DATASET SECTION:

════════

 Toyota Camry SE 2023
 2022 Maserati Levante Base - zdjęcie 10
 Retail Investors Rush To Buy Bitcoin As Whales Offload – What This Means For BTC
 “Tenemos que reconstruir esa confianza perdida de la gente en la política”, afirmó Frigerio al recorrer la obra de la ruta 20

════════

EXERCISE DIRECTIONS: Only the lines from the one with "Retail Investors Rush" through the end of the material are wanted; copy them exactly, both ends included.

WRITTEN RESPONSE:
 Retail Investors Rush To Buy Bitcoin As Whales Offload – What This Means For BTC
 “Tenemos que reconstruir esa confianza perdida de la gente en la política”, afirmó Frigerio al recorrer la obra de la ruta 20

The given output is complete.